Dağhan Dönmez

Dağhan Dönmez

KARANLIĞA MEKTUPLAR 3

Belki de sonbaharın en yakıştığı kenttir Prag. Kasvetli göklerinde, görünmez kuşlar dolanır. Akordeoncu kızlar sıralanır köprülerine. Vltava nehrine, neon ışıkları vurur gece yarıları. Yaprakların sarışınlığını, olmadık yeşillere, beklenmedik mavilere döndüren… Alabildiğine tarçın kokusu dağılır kente. Şarabın sıcağından, insanın soğuğundan geçilmez! Belki değil, en çok Prag’a yakışır sonbahar. Karl Köprüsü’nden bir defa geçseniz beni anlarsınız! Cafe Slavia’da bir defa otursanız… Kafka’nın, Kundera’nın, Rilke’nin yazılarını yazdığı masalardan birine kurulsanız… En çok da Nazım’ın! Şöyle söylüyordu bir şiirinde:

Külahlı kuleler Pırağ şehrinde

Ağarınca akşamın üzerinde

Düşe giren dünyalar aydınlanır

İstanbul’da bir Memet var

Altısına bastı bu yıl.”

Nazım Hikmet’in, külahlı kulelere benzettiği katedrallerin, tanrı gibi kurulduğu meydanlarda geziyorduk. Değerli dostum Şadi Yılmaz vardı yanımda. Ara sokaklara dalıyorduk, şehrin mahremine.
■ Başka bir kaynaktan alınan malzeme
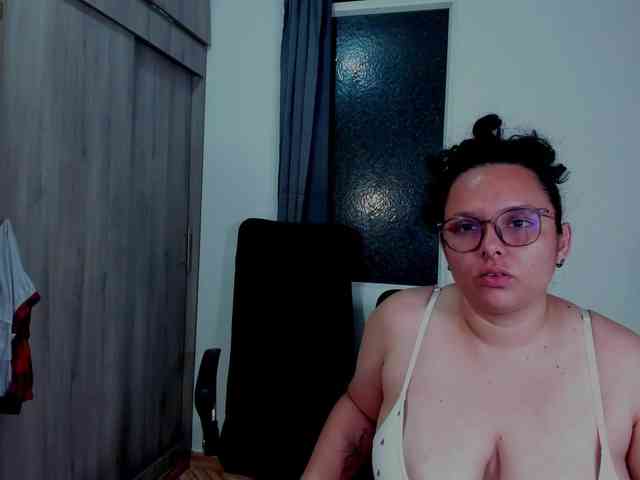MABELANDDANNY webcam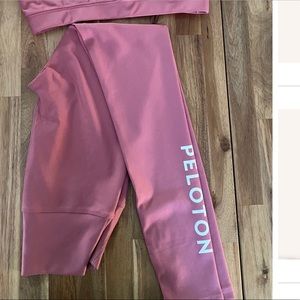 Peloton Show Up Leggings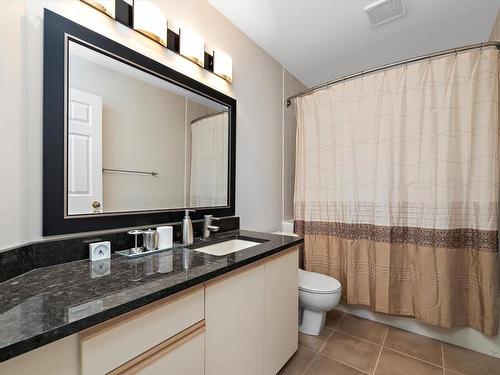 253 Heagle Crescent, Edmonton, AB - Indoor Photo Showing Bathroom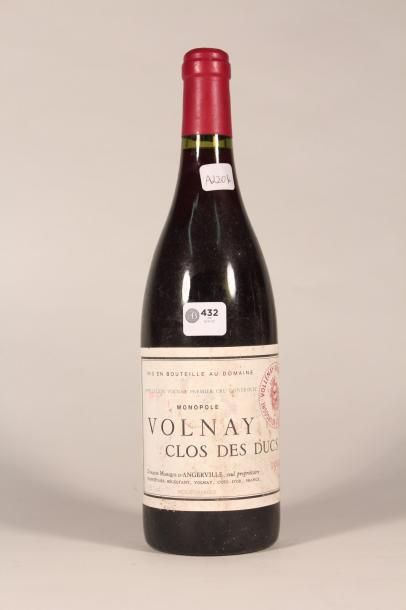 null 432 

Domaine d'Angerville Clos des Ducs 1992 

Volnay 1er Cru (rouge) - 1 blle...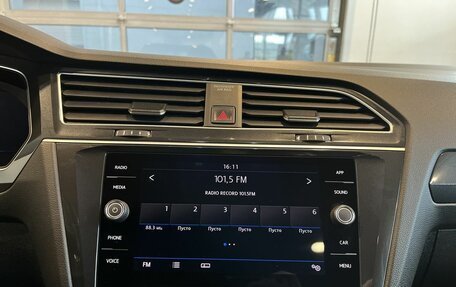 Volkswagen Tiguan II, 2018 год, 2 675 000 рублей, 14 фотография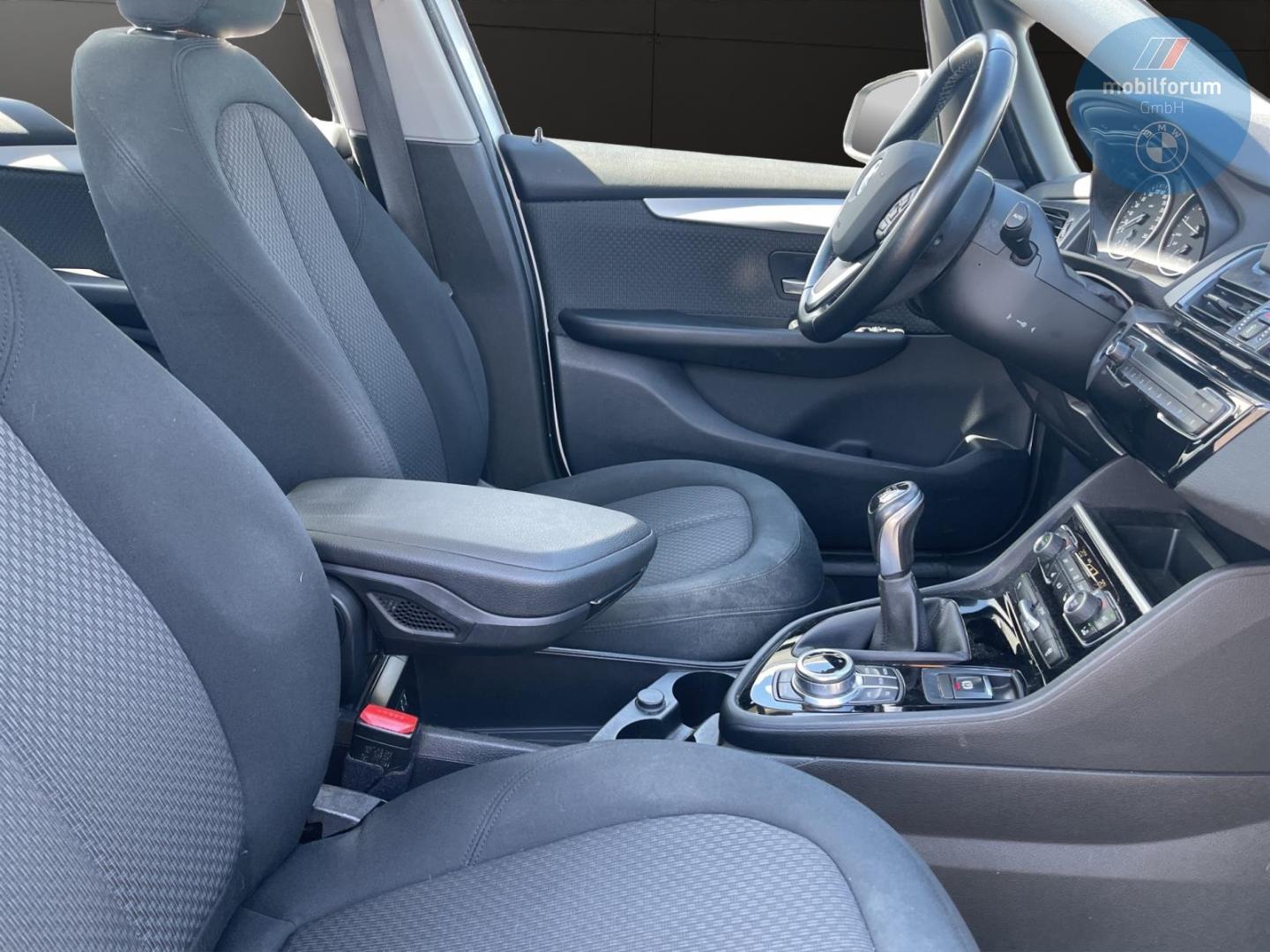 BMW 220 Gran Tourer i Panorama AHK LED SHZ NAVI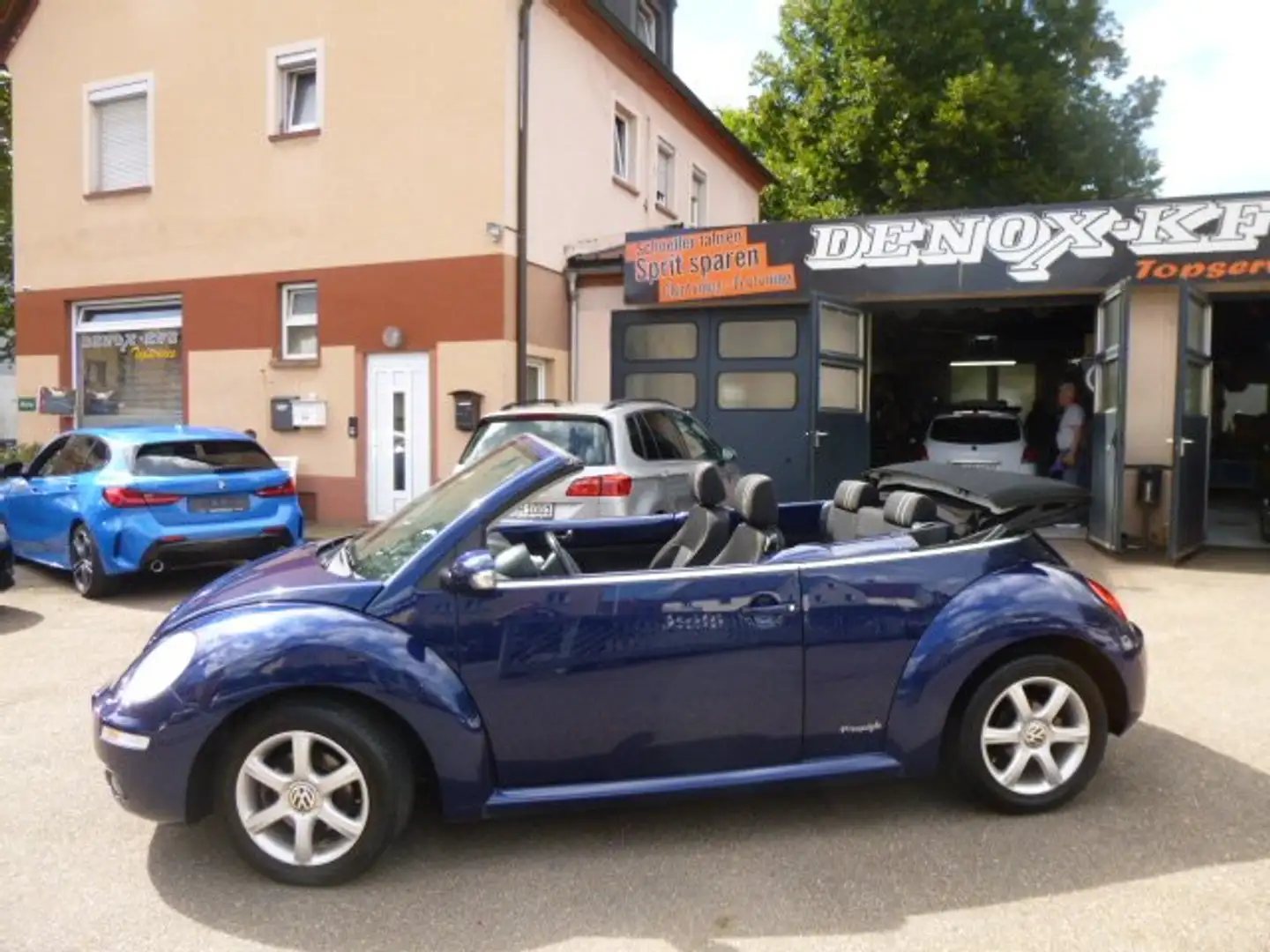 Volkswagen New Beetle 1.6 Freestyle Cabrio Blau - 2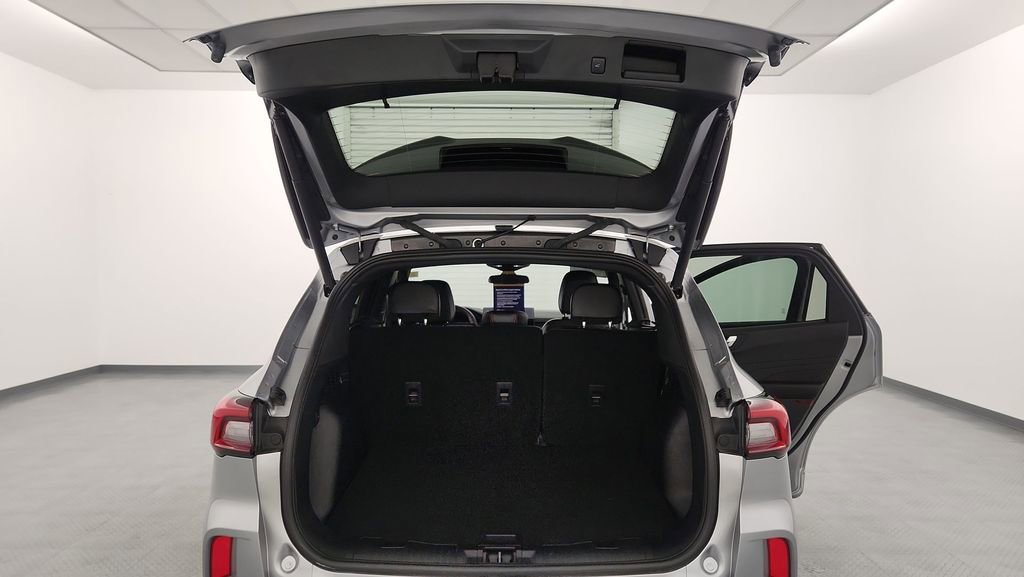 Certified 2024 Ford Escape ST-Line w/ Tech Pack #1 AWD/4WD image 27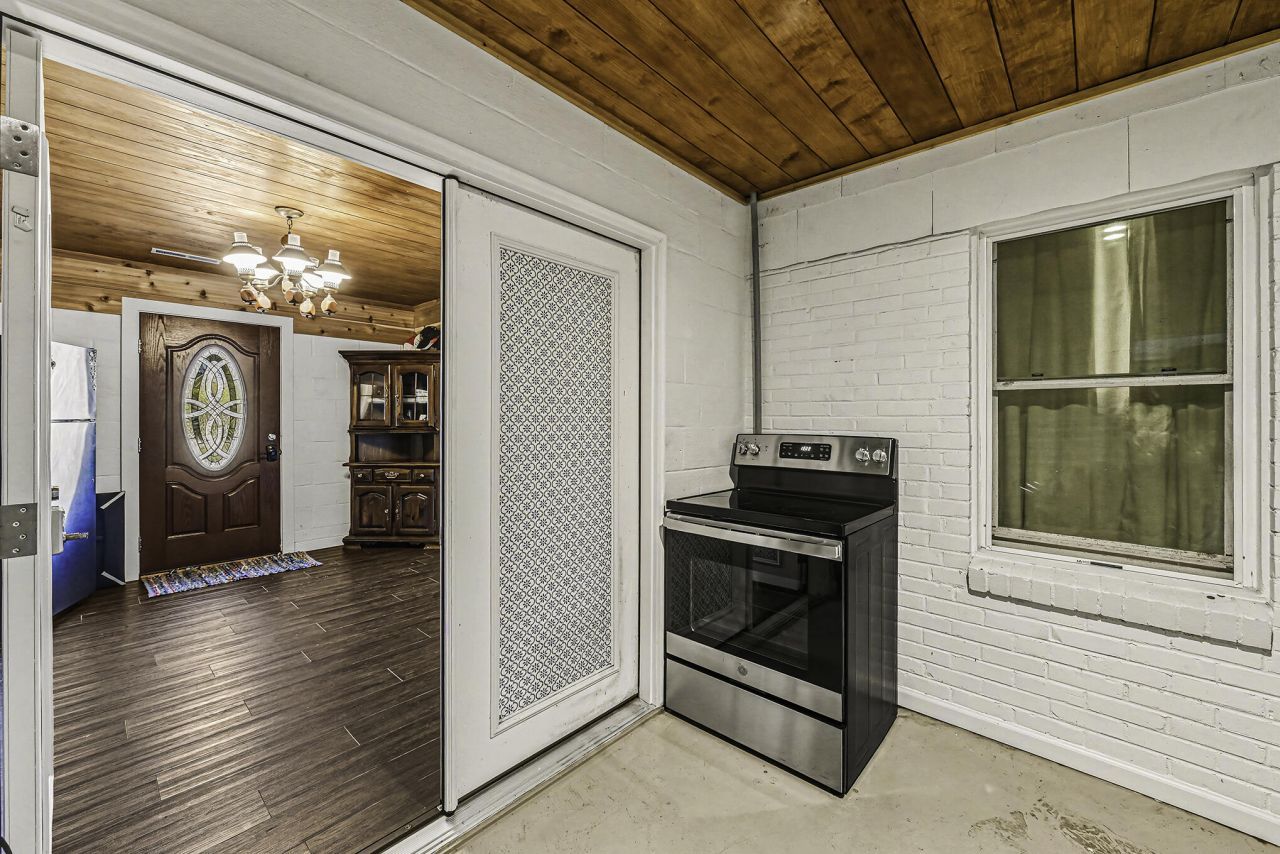 191 Wappoo Road Photo 27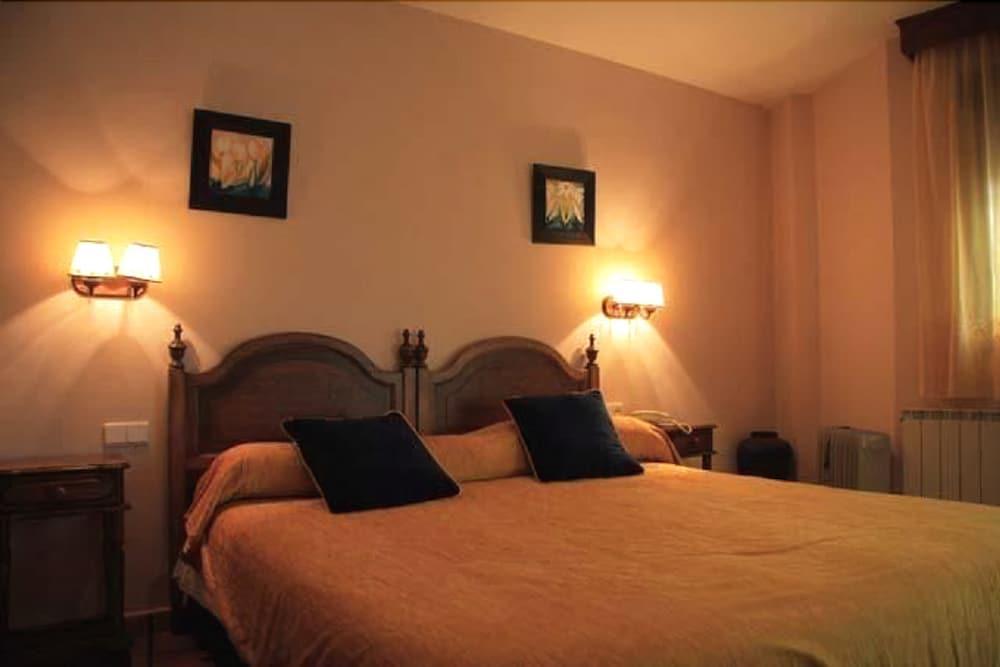 Hotel Patri Huéscar Εξωτερικό φωτογραφία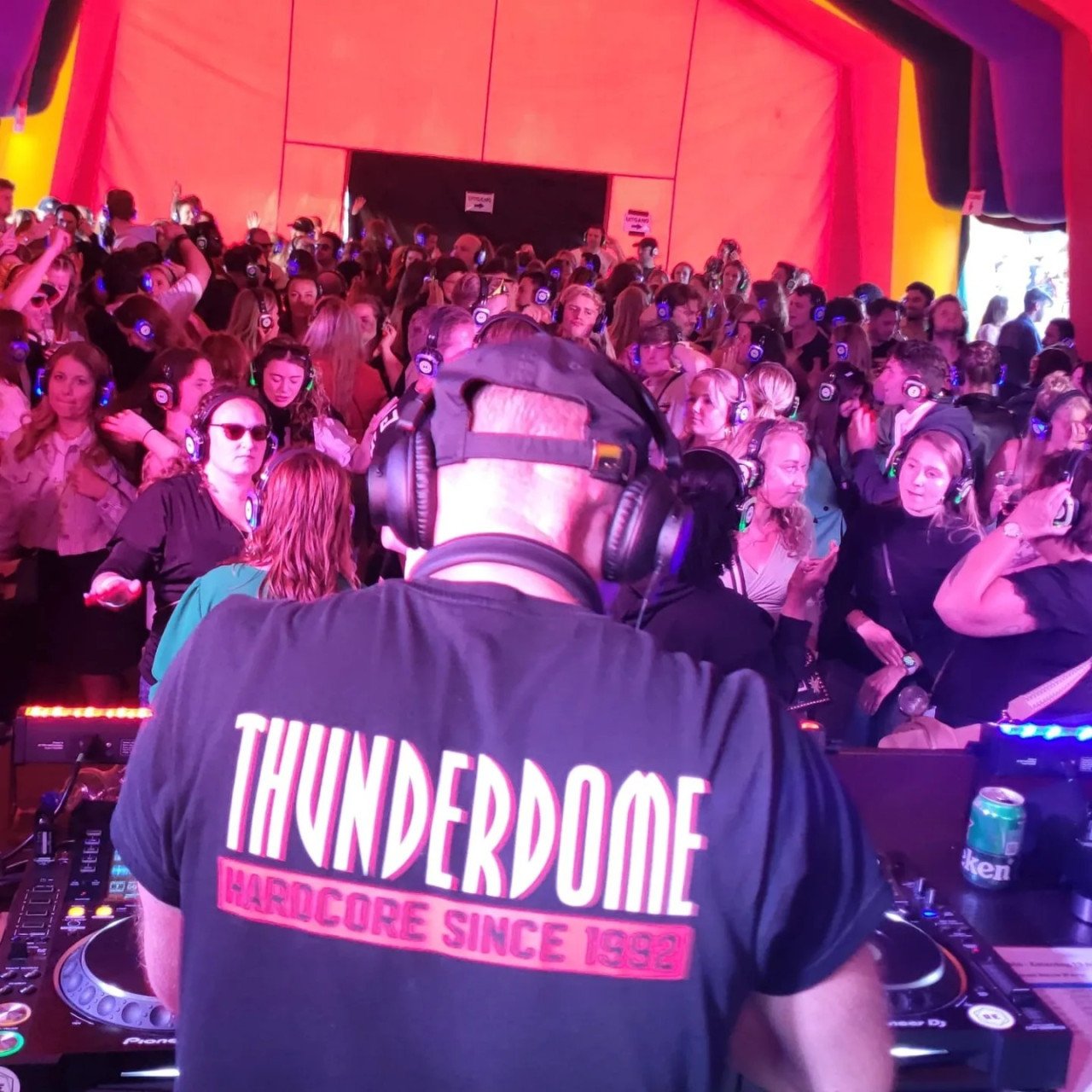Dj nodig? Dj Scarneck staat voor u klaar.
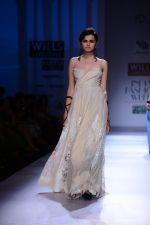 Model walk the ramp for geisha designs Show on wills day 1 on 8th Oct 2014 (146)_54355e36656ad.JPG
Büyülenmiş gibiydik. Taş binalar, yazılmamış masalların dekorunu seriyordu önümüze. Ne var ki kendimizi, İstanbul’u hayal ederken bulduk ansızın, bir meyhane ararken! Süt beyazı örtüye, kadehin ters konulduğu; ahşap duvarlı bir meyhane… Duvarda, siyah beyaz fotoğraflar… İnceden bir Müzeyyen!

Şadi Bey, ezbere şiirler okuyordu Nazım’dan. Prag’ın sonbaharında, yaz gülleri açıyordu memleketin. Çünkü İstanbul’da Memet vardı. Herkesin Memet’i başkaydı!

Vatan kelimesi, ilk kez Namık Kemal’in şiirleriyle girer toplumsal belleğimize. Türk yoktur ki, vatanı olsun. Kemal Tahir, “Esir Şehrin İnsanları”nda canlandırır böyle bir sahneyi. Asker ağa, Kuvay-ı Milliye’ye destek vermeyen köylüye “Sen Türk değil misin?” diye sorar. Köylü, “Onlar burada bulunmaz, Haymana’da otururlar,” der. Vatan kelimesini duyunca, köyü, sevdiği, tarlası gelirdi aklına insanımızın. Namık Kemal’in sözleri, bu çağrışımı yapardı. Peki sizce, şimdi hangi çağrışımı yapıyor?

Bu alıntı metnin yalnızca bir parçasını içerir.